▶ [Task statement] Without the pictures, write out every entry that follows exactly.
*** Block opens ***
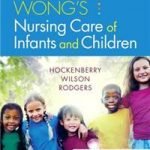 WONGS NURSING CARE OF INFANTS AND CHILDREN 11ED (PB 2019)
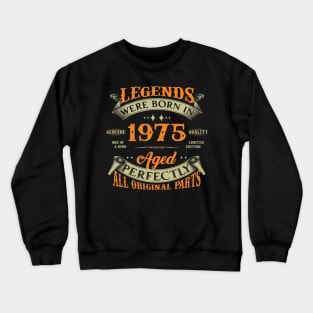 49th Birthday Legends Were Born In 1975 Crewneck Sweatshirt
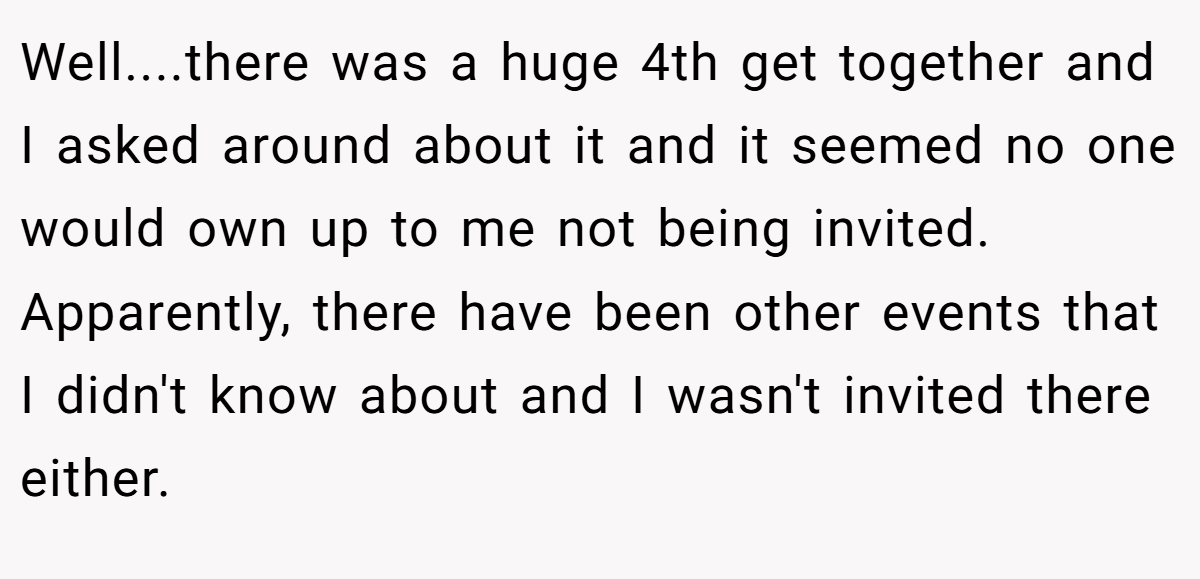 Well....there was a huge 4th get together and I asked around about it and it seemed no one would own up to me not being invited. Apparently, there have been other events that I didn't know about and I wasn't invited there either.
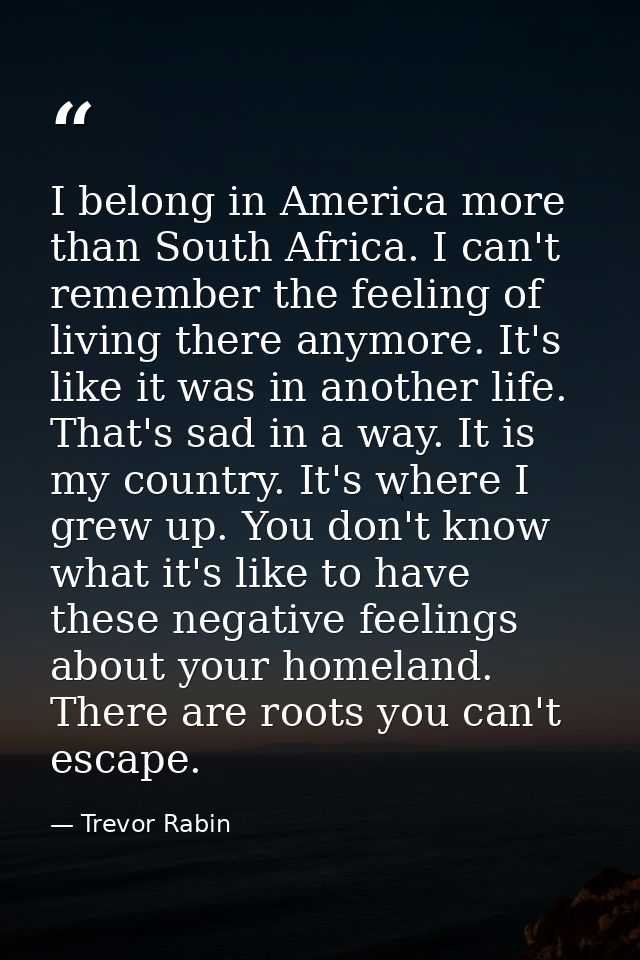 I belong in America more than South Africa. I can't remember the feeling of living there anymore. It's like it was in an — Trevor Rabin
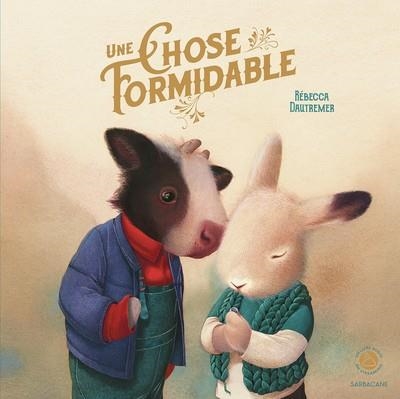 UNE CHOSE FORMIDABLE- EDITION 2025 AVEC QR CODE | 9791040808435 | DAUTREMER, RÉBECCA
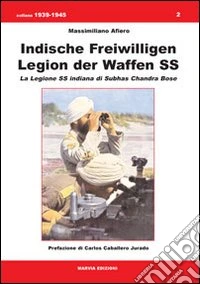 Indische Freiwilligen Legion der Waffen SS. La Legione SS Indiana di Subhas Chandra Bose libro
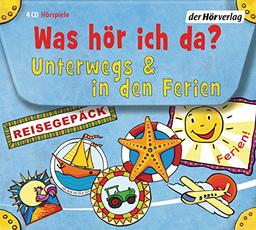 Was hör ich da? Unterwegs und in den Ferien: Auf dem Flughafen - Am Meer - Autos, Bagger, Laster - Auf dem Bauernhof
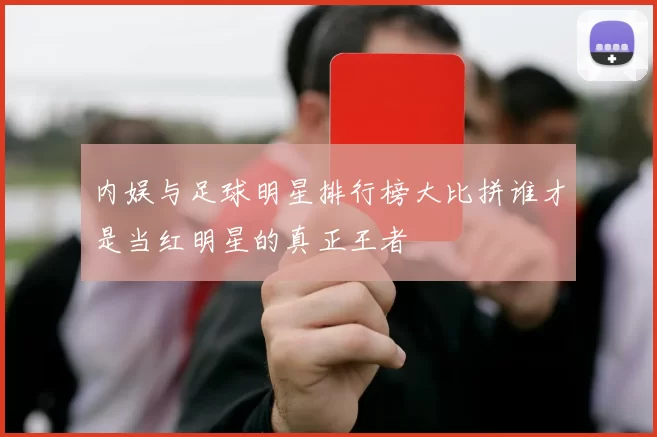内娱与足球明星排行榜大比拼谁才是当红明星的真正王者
*** Block closes ***
▶ [Answer to the problem]
 WONGS NURSING CARE OF INFANTS AND CHILDREN 11ED (PB 2019)
 49th Birthday Legends Were Born In 1975 Crewneck Sweatshirt
 Well....there was a huge 4th get together and I asked around about it and it seemed no one would own up to me not being invited. Apparently, there have been other events that I didn't know about and I wasn't invited there either.
 I belong in America more than South Africa. I can't remember the feeling of living there anymore. It's like it was in an — Trevor Rabin
 UNE CHOSE FORMIDABLE- EDITION 2025 AVEC QR CODE | 9791040808435 | DAUTREMER, RÉBECCA
 Indische Freiwilligen Legion der Waffen SS. La Legione SS Indiana di Subhas Chandra Bose libro
 Was hör ich da? Unterwegs und in den Ferien: Auf dem Flughafen - Am Meer - Autos, Bagger, Laster - Auf dem Bauernhof
内娱与足球明星排行榜大比拼谁才是当红明星的真正王者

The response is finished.